2) La Possession, Charles Saunier, V.1870, Iconothèque Historique de l’Océan Indien, Département de La Réunion

Charles Saunier fait partie des pionniers de la photographie à La Réunion. Vers 1870, il réalise une photographie du quartier de La Possession. Dans cette seconde moitié du XIXe siècle, La Possession vit encore du batelage : le débarcadère de Monsieur Técher et quelques barques sont visibles. Des longères installées dans le bourg stockent des marchandises. On reconnaît les longères de l’actuelle médiathèque Héva, avec des cabanons d’engagés. L’église de La Possession domine le petit village avec son clocher. Au loin, il est possible d’apercevoir les fortifications de la batterie d’artillerie qui laissera son nom au « terrain de la Batterie ».

La baie de La Possession s’étend de la Pointe des Galets jusqu’à la Grande Chaloupe. Ce dernier quartier constitue un écart choisi pour accueillir un lazaret en 1860. Alors que l’esclavage est aboli en 1848, la colonie fait appel à des travailleurs sous contrat venus de tout l’océan Indien : c’est le système de l’engagisme. Si nombre de ces engagés sont des « Malbars » venus d’Inde, on trouve aussi des « Zarabs » du Gujarat, des « Sinoi » de Canton, mais également des Malgaches et des Africains. La Possession, à travers le lazaret de la Grande Chaloupe, devient la porte d’entrée de ces populations. L’arrivée dans l’île se fait grâce à un pont-débarcadère, immortalisé sur cette photographie du début du XXe siècle. Alors qu’un navire à vapeur mouille en rade, on peut observer une petite chaloupe faisant la liaison jusqu’au pont. Sur le pont, des voyageurs arrivent en portant leurs bagages. Assis dans l’herbe, près des rails du chemin de fer, des hommes observent la scène.

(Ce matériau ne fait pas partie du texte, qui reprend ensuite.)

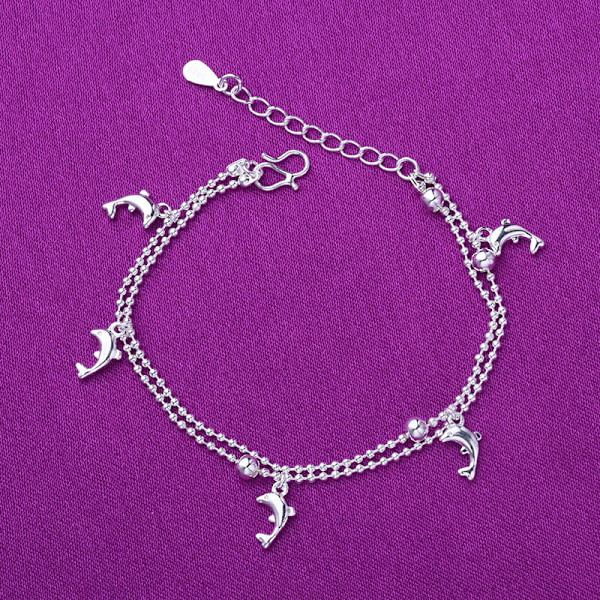 1 stk (Sølv) Legering Delfin Anklet Kæde Charm Armbånd Anklet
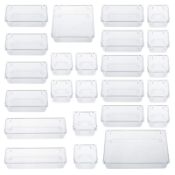 RRP £24.37 Homtone 24 Pack Drawer Organizer Set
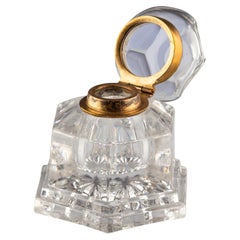 Antique Cut Crystal Inkwell with Faceted Hinged Lid, circa 1900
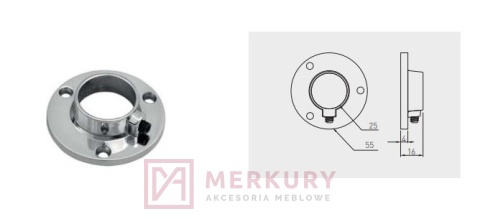 Rozetka do rury mocowanie drążka fi25 2szt, chrom połysk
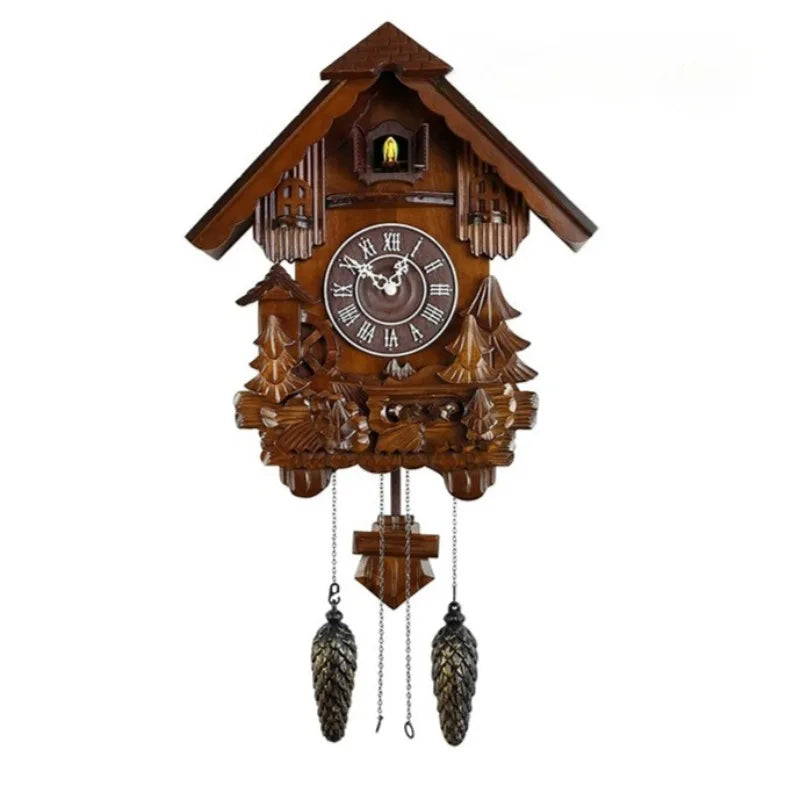 Vintage Wood Cuckoo Wall Clock | Pendulum Quartz Decor Cuckoo Wall Clock Babs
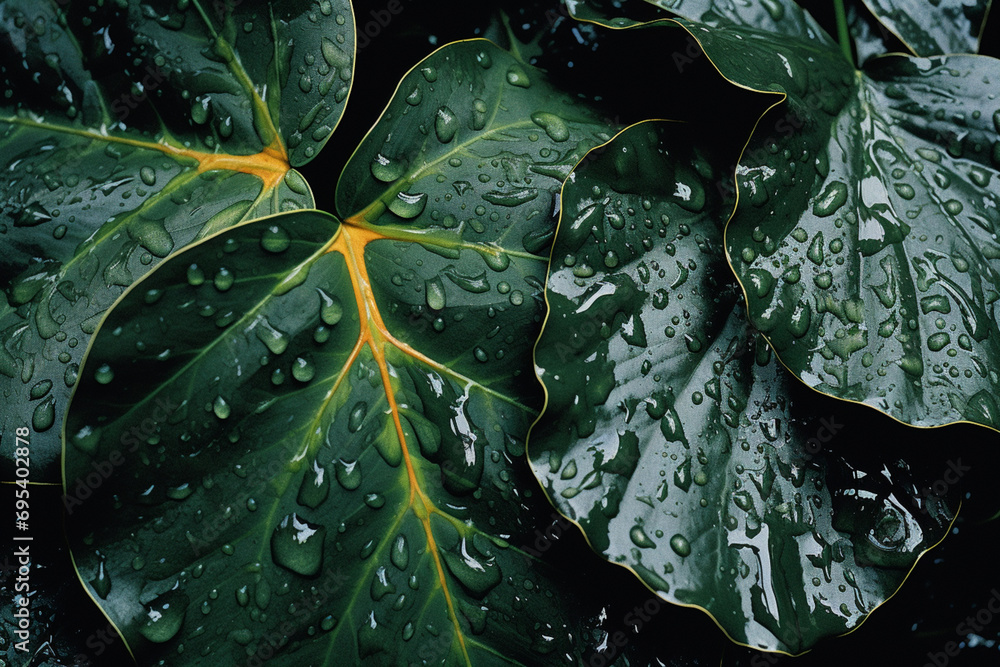 Aufkleber Close-up of leaves adorned with raindrops, creating abstract patterns and enhancing the organic textures of nature.
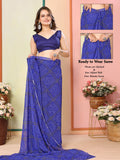 Blue Georgette Ready To Wear Saree | Designer Printed Art Silk Couture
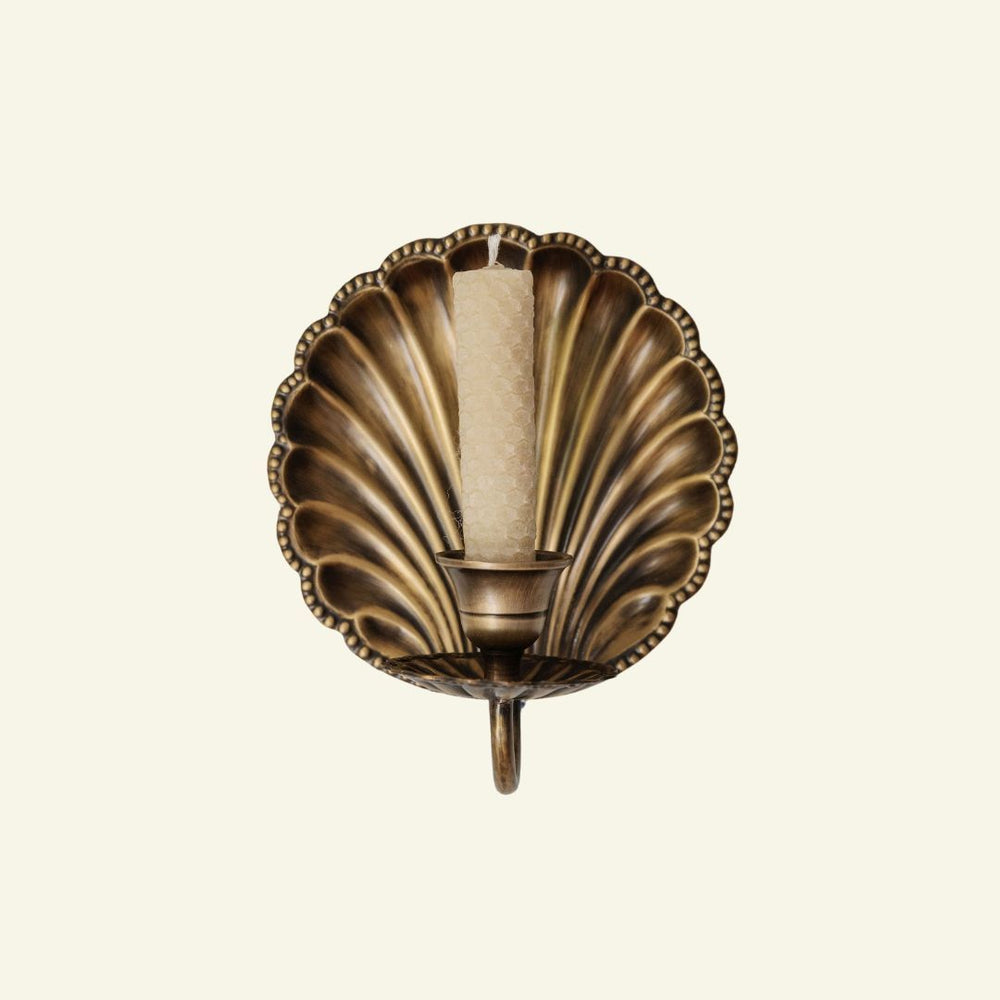 Shell Brass Wall Sconce Single (Antique)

Cette carte postale nous plonge au plus près de la gare de la Grande Chaloupe, avec son architecture typique des structures du chemin de fer de La Réunion. Inauguré le 11 février 1882, le chemin de fer connecte Saint-Benoît à Saint-Pierre, avec pour objectif premier de faire transiter des marchandises, principalement du sucre, jusqu’au port de la Pointe des Galets. Mais le Ti Train servira aussi au transport des personnes et s’ancrera durablement dans les mémoires de La Réunion. La halte de la Grande Chaloupe est l’un des lieux iconiques de l’histoire ferroviaire réunionnaise. Cette gare est située dans un quartier excentré, à mi-chemin entre La Possession et Saint-Denis. Elle était surtout à proximité directe du lazaret de la Grande Chaloupe, avec un paradoxe étonnant : les usagers du lazaret, censés être en quarantaine, côtoyaient de près les voyageurs du chemin de fer. La photographie de la carte postale nous laisse également voir la mixité ethnique réunionnaise à l’aube du XXe siècle, avec les différentes tenues des voyageurs attendant le train.